- What the task requires -
Copy nothing but the lines below running from the line containing "Fiido M1 Pro Electric Bike" through the line containing "X0000067331173200603310851", both end lines included.

- Data supplied -
::::

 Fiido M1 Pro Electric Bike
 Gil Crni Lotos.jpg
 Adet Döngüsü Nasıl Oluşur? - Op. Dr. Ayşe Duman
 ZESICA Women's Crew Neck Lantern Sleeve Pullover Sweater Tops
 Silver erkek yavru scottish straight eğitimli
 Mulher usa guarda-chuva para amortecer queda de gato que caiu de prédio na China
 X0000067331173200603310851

::::

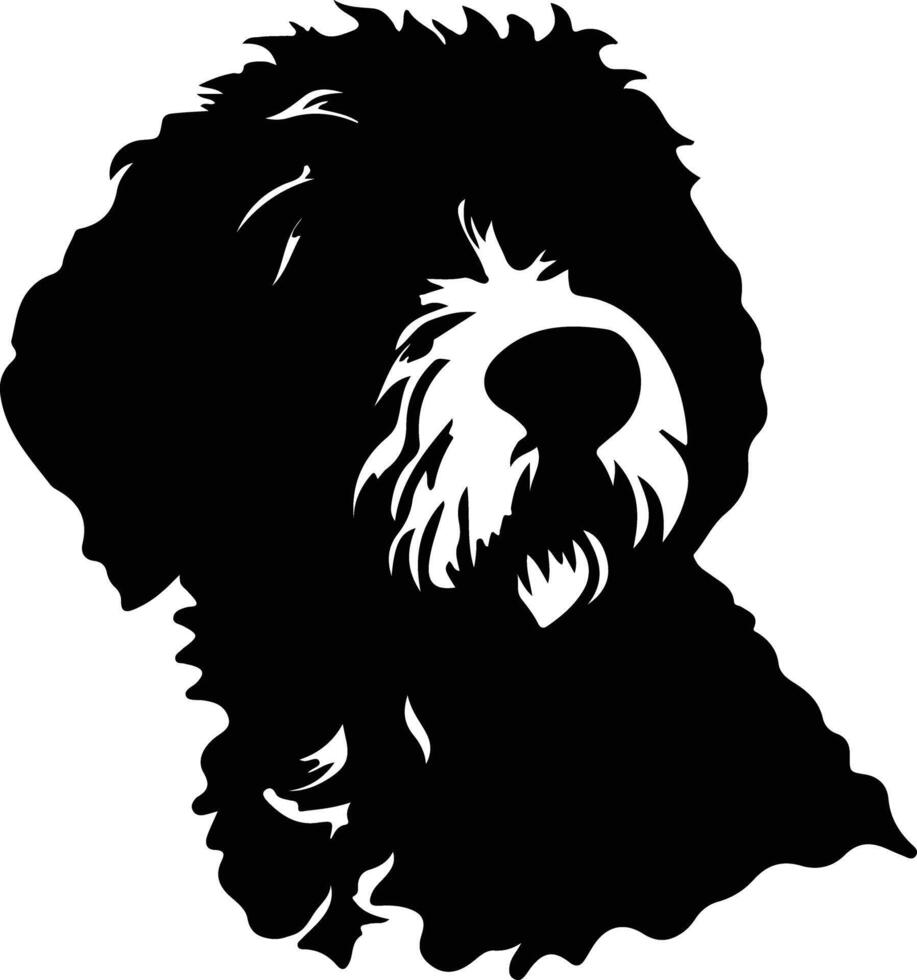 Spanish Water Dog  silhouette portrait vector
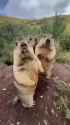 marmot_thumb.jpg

::::

- Task result -
 Fiido M1 Pro Electric Bike
 Gil Crni Lotos.jpg
 Adet Döngüsü Nasıl Oluşur? - Op. Dr. Ayşe Duman
 ZESICA Women's Crew Neck Lantern Sleeve Pullover Sweater Tops
 Silver erkek yavru scottish straight eğitimli
 Mulher usa guarda-chuva para amortecer queda de gato que caiu de prédio na China
 X0000067331173200603310851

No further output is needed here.